▶ Data to examine
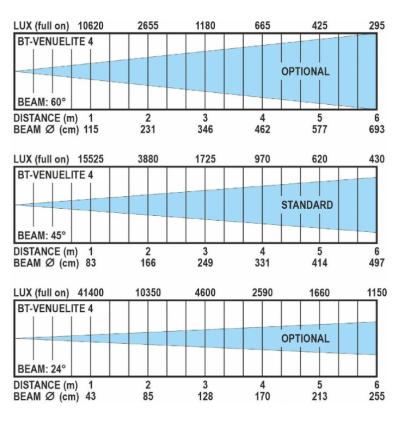 ≫ Comprar BRITEQ BT-VENUELITE4 COB | Profesional DJ®
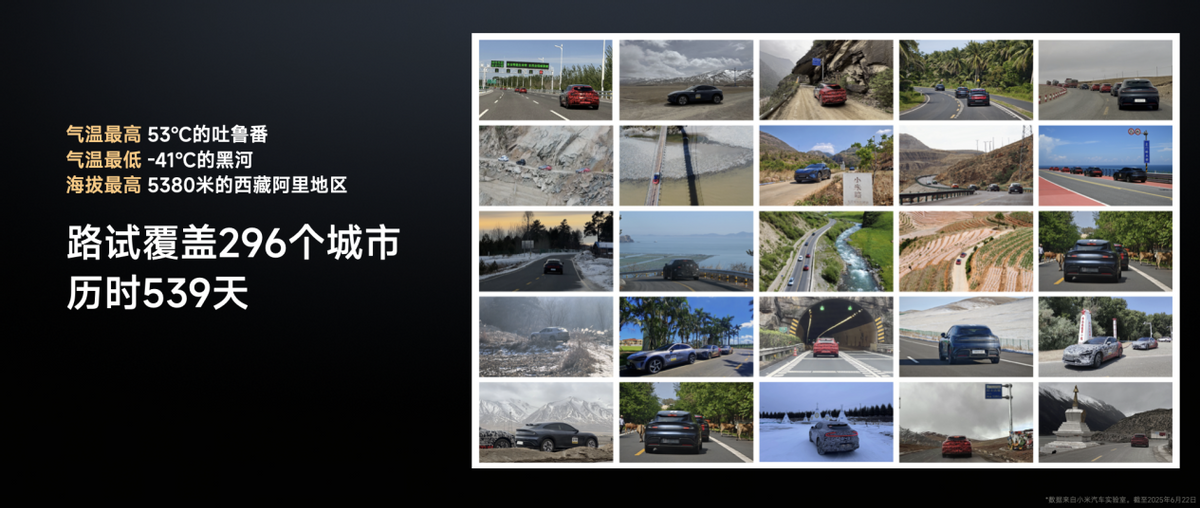 定位「豪华高性能SUV」，小米YU7 正式上市，售价25.35万元起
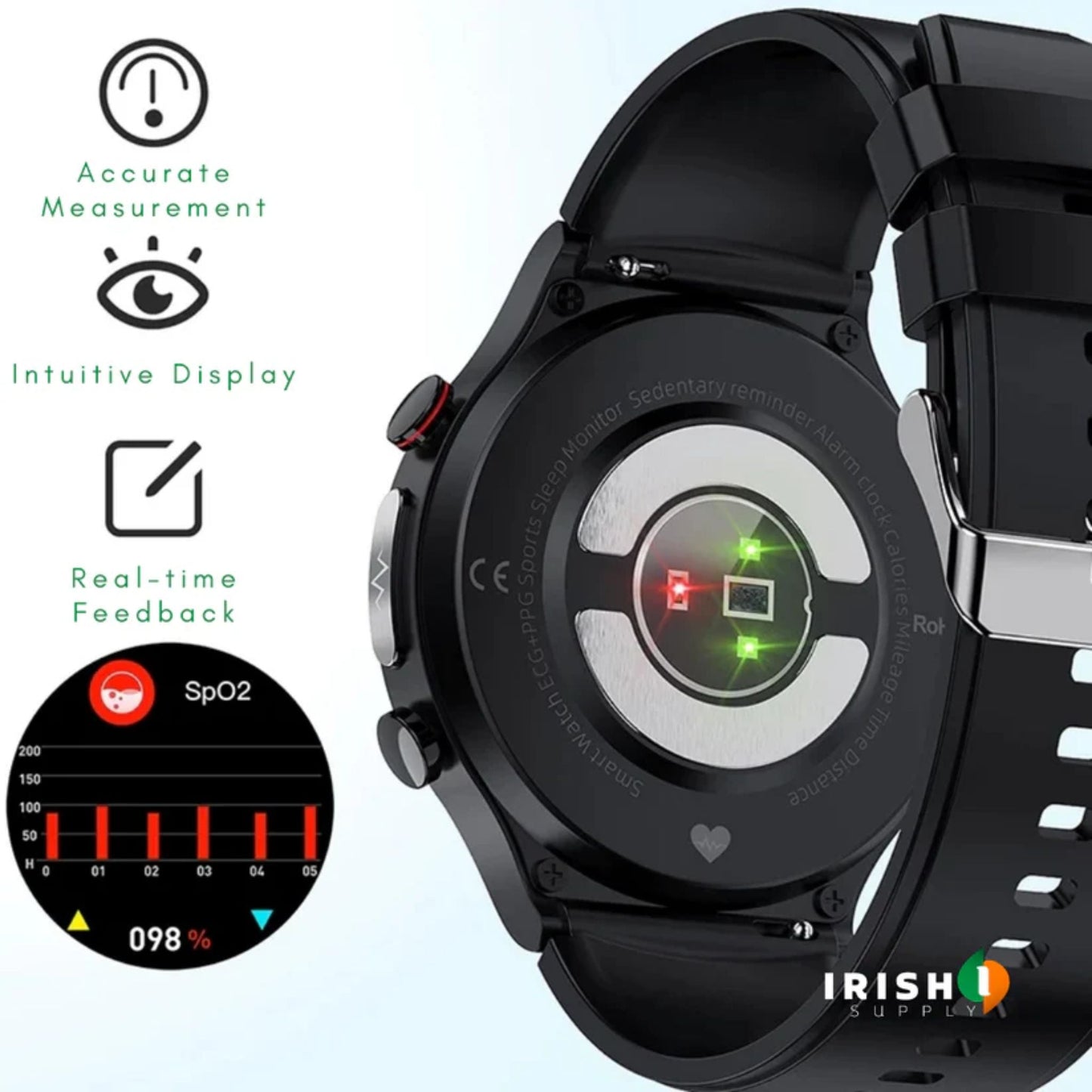 CARDIOWAVE  Smartwatch Cardiac Wellness Tracker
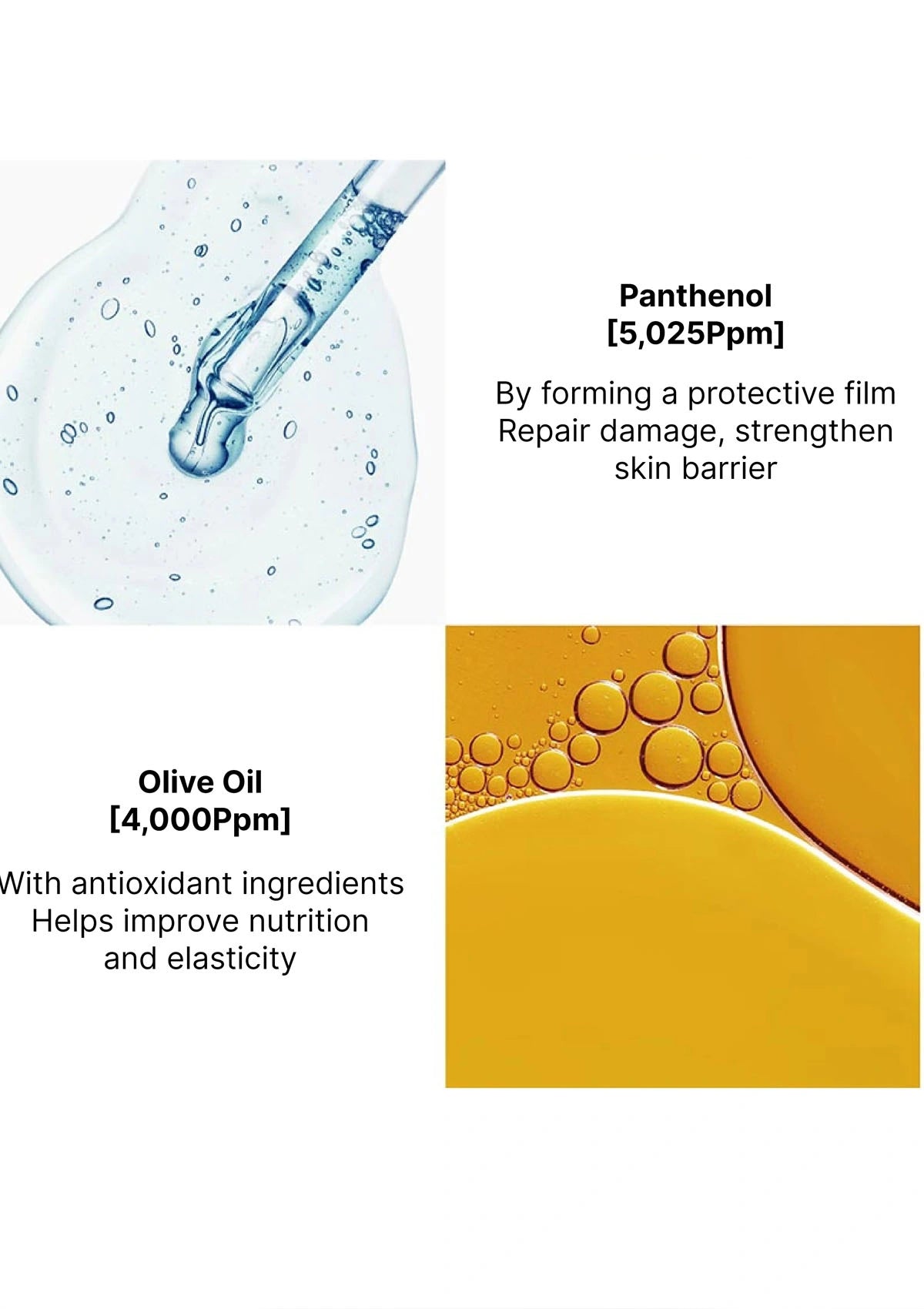 Diagram showing Panthenol and Olive Oil with text explaining their benefits on skin.
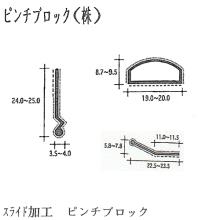 [�s���`�u���b�N] �X���C�h���H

▶ Work item
Since the copy must hold no pictures, repeat everything else in the records exactly as written.

▶ Task result
 ≫ Comprar BRITEQ BT-VENUELITE4 COB | Profesional DJ®
 定位「豪华高性能SUV」，小米YU7 正式上市，售价25.35万元起
 CARDIOWAVE  Smartwatch Cardiac Wellness Tracker
 Diagram showing Panthenol and Olive Oil with text explaining their benefits on skin.
 [�s���`�u���b�N] �X���C�h���H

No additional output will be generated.